Even a revival of the Christian Faith, by itself, might not necessarily cure us of all our ills; and it is utter foolishness to pretend that the reinstallation of the Ten Commandments on courthouse walls would eliminate the judicial tyranny that persecutes Christians.  Christianity is, nonetheless, the only real focal point for any conservative movement, and Christianity was the greatest victim of the hypocritical 50’s.

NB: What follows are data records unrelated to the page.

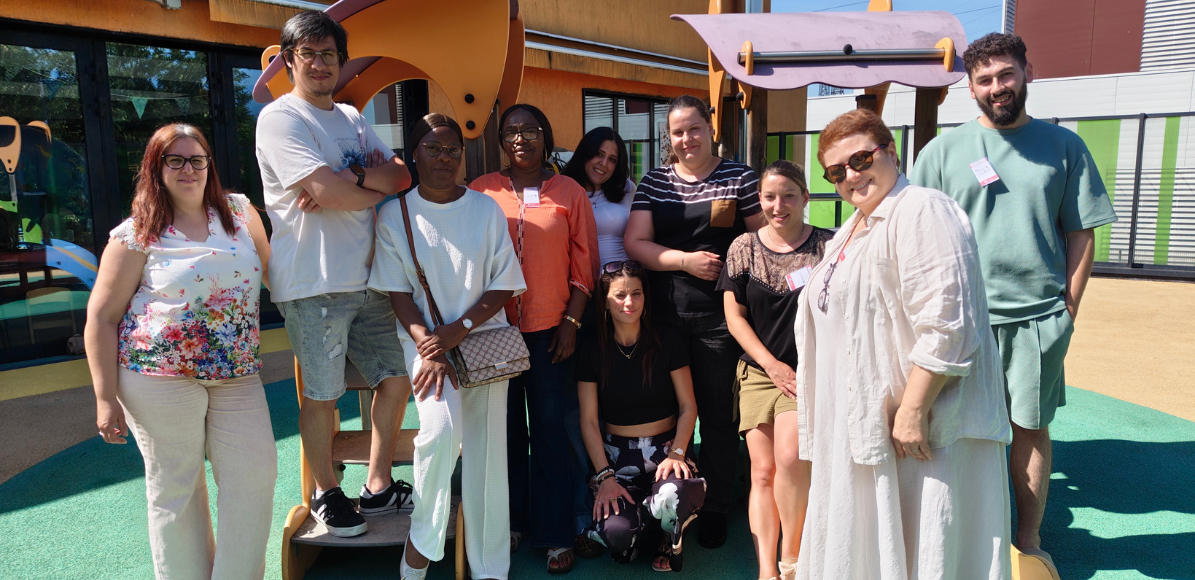 Group of diverse adults posing together on a playground outside a colorful building on a sunny day.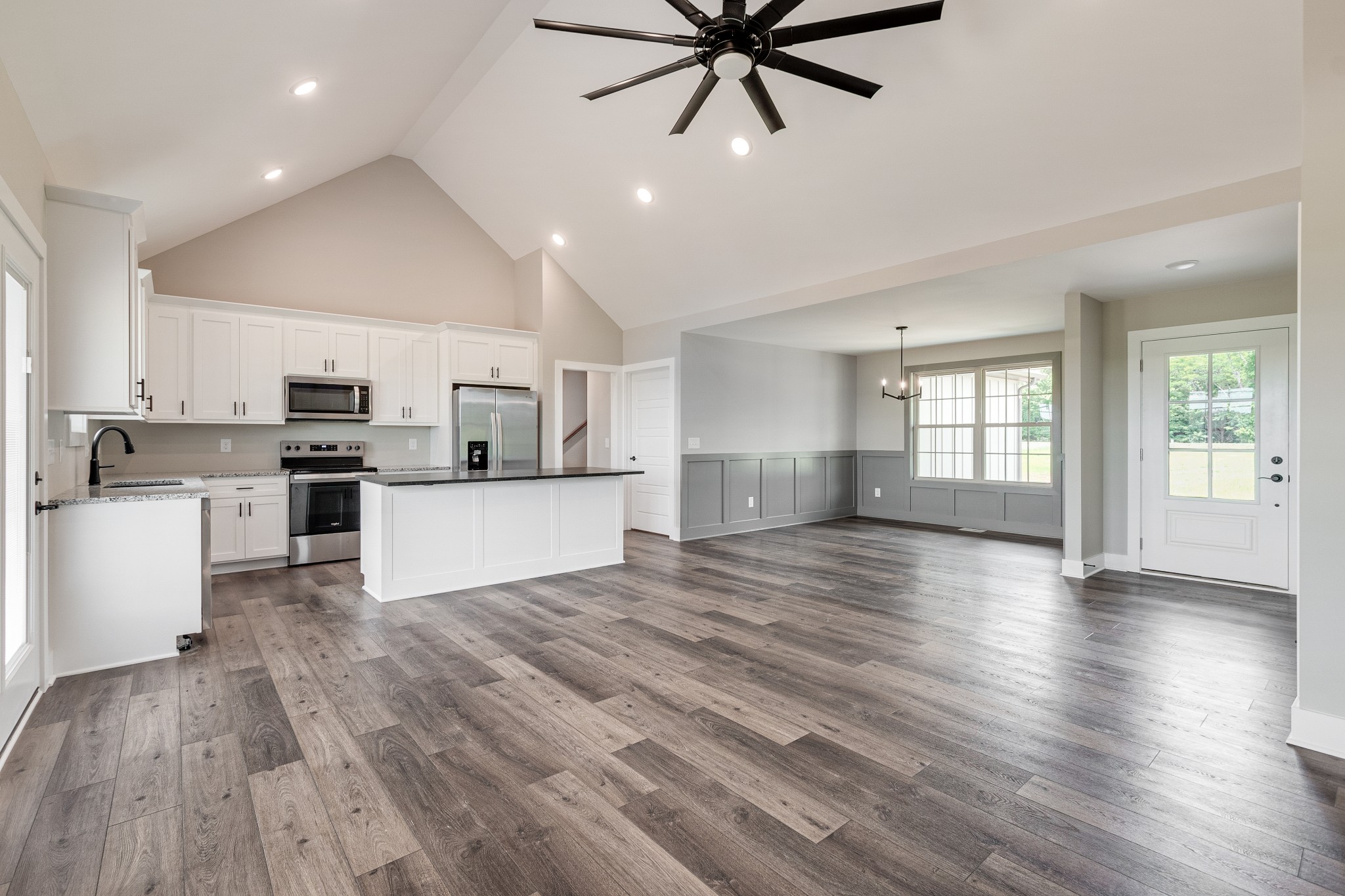 928 Butler Bridge Road Portland, TN 37148 - Photo 7 of 26 a view of a kitchen with a sink and a stove top oven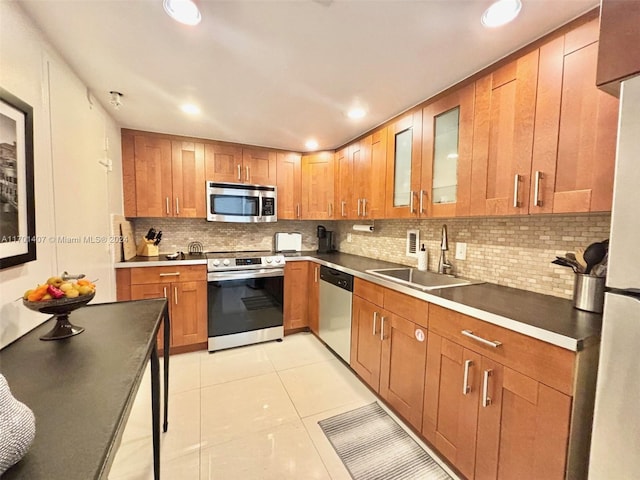 kitchen featuring backsplash, light tile patterned floors, sink, and appliances with stainless steel finishes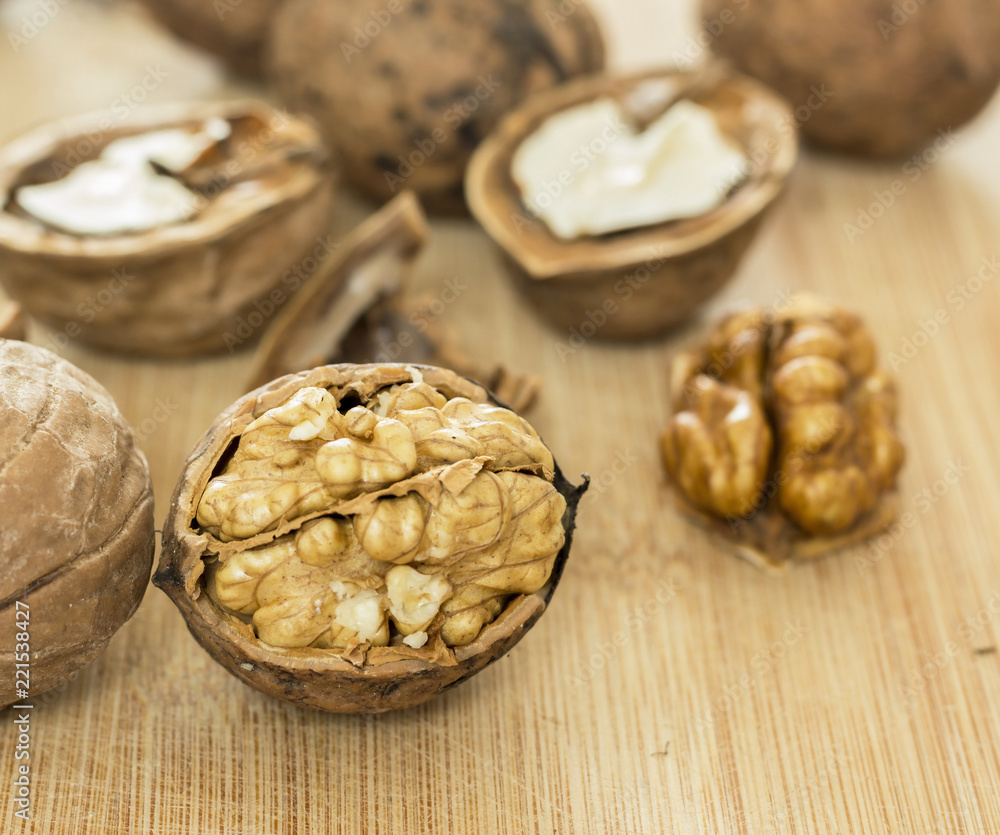 Fototapeta premium Healthy food safety concept:Walnuts kernels on dark desk with color background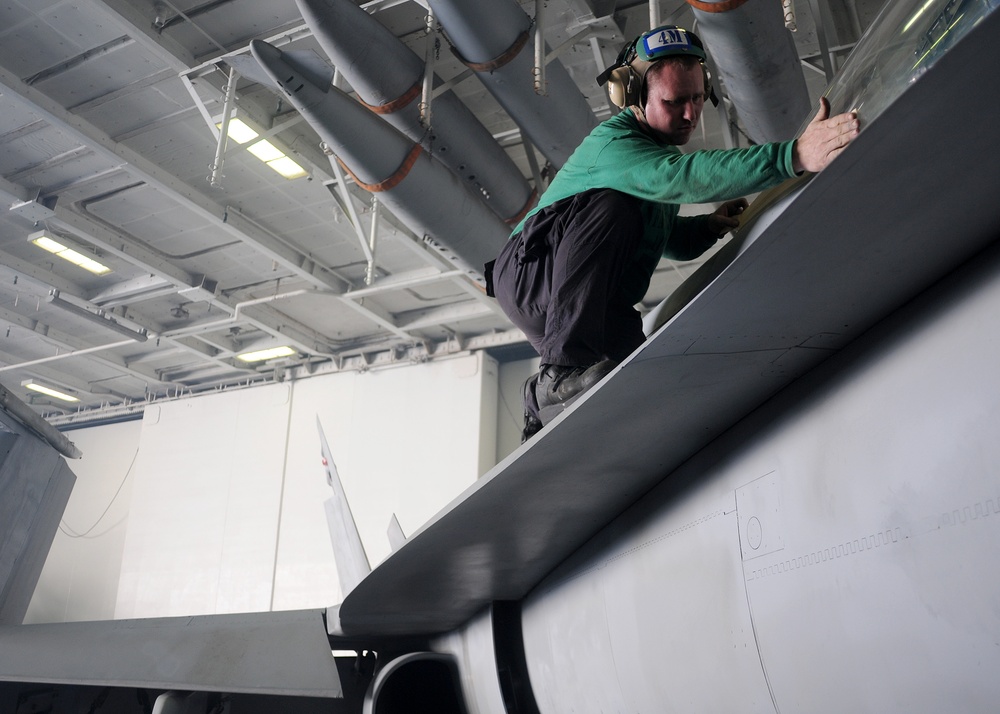 Sailors maintain jets, watch Super Bowl
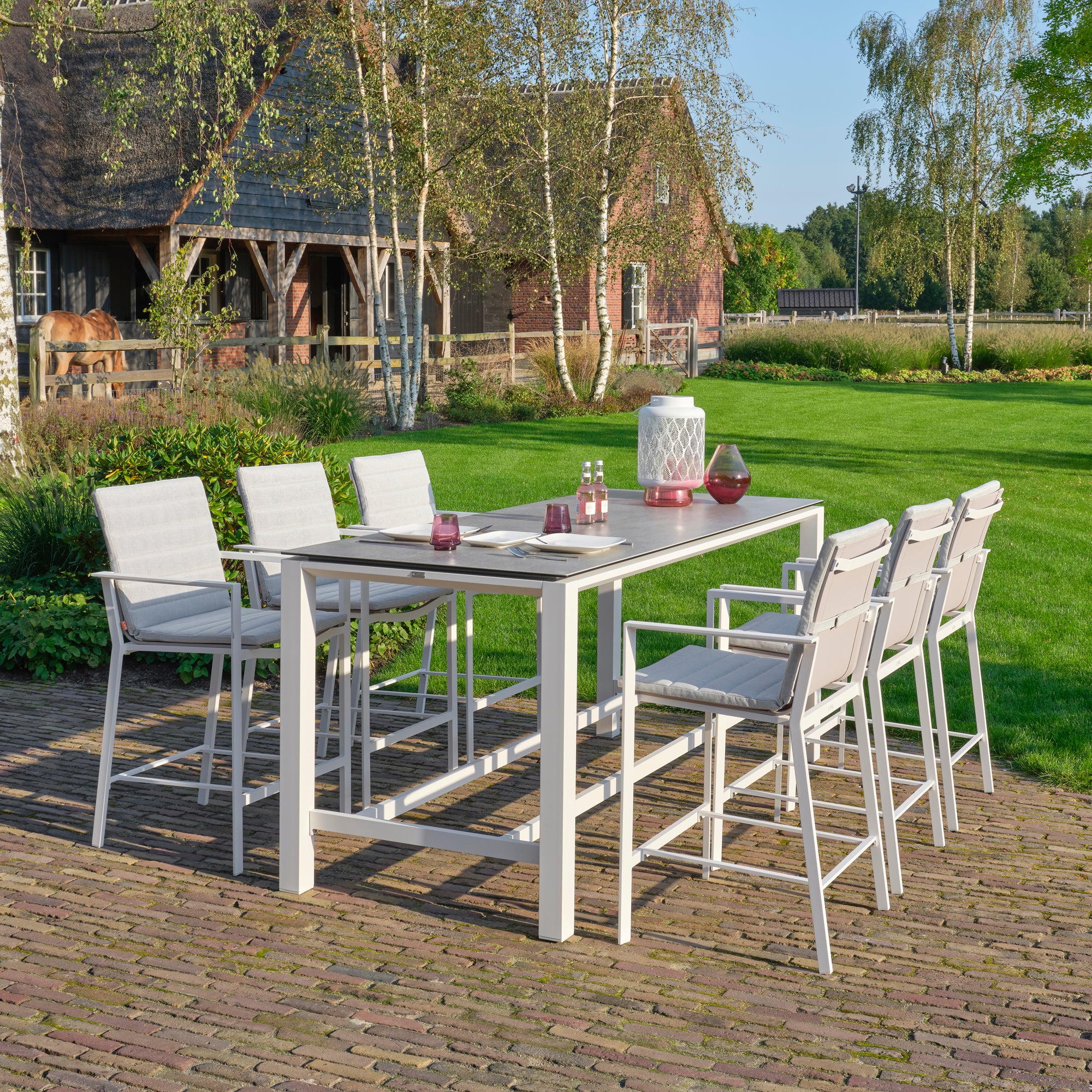 Primavera 7-Piece Bar Set - White  in a beautiful outdoor patio setting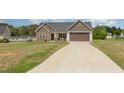 Single-story home with stone facade, a two-car garage, and green lawn at 158 Blande Dr, Kenly, NC 27542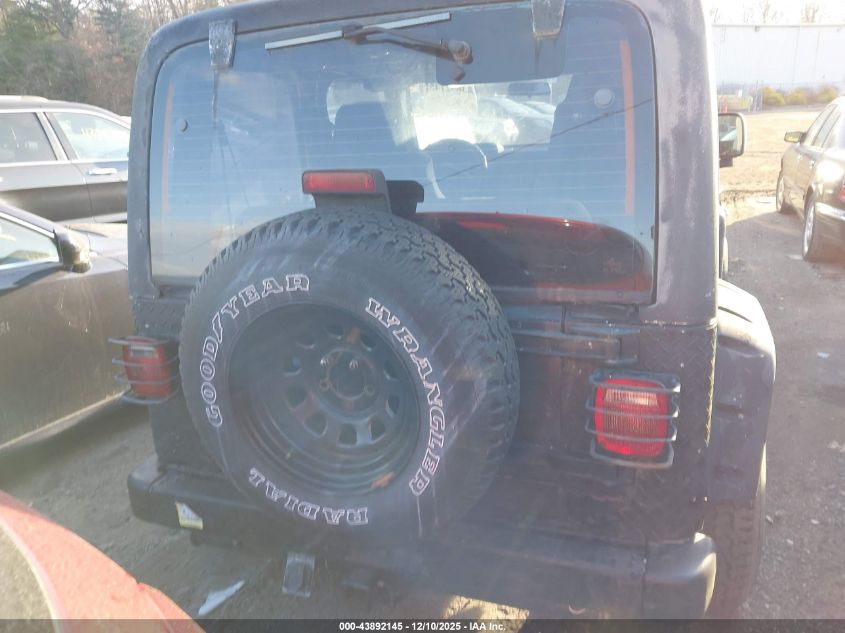 2003 Jeep Wrangler Sport VIN: 1J4FA49S13P312580 Lot: 43892145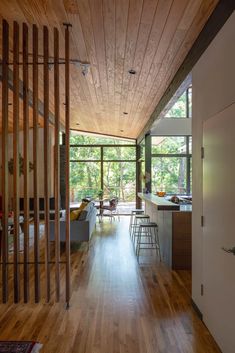 an open kitchen and living room with wood flooring on both sides of the room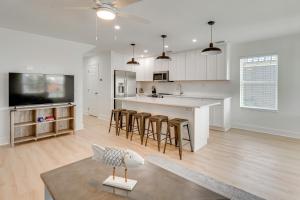 a white kitchen with a bird on a table at Brand New Home in Steinhatchee with Rooftop Deck! in Jena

Despite the higher rates of church attendance, the 50’s were scarcely any more Christian than our own decade.  A 1952 Gallup Poll revealed that, while 96 percent of Americans said they believed in God, hardly anyone knew Who gave the Sermon on the Mount.  It was the time of spiraling divorce rates and, worse, the era of “Judeo-Christianity,” when increasing numbers of Americans either came to view the Church as good business and a social necessity or gravitated toward the cults that promised to reorganize their lives.  As President Eisenhower, the most potent symbol of the 50’s, once declared, “Our government has no sense unless it is founded in a deeply felt religious faith, and I don’t care what it is.”  Apparently not, since Ike’s agricultural secretary, Ezra Taft Benson, ended up as the “Prophet” of the Mormons.  And what of the symbol of the decade’s darker side, Mickey Spillane?  Despite his name, he was apparently brought up a nominal Protestant, yet he became a Jehovah’s Witness in the early 1950’s.  Today, he might have chosen Islam or Scientology.

If we must seek models for the future in the past, let it be the inclusive past of Christendom in its most vigorous times and not the spiritually emaciated decade that added Norman Vincent Peale’s The Power of Positive Thinking (1952) to the canon of Scripture.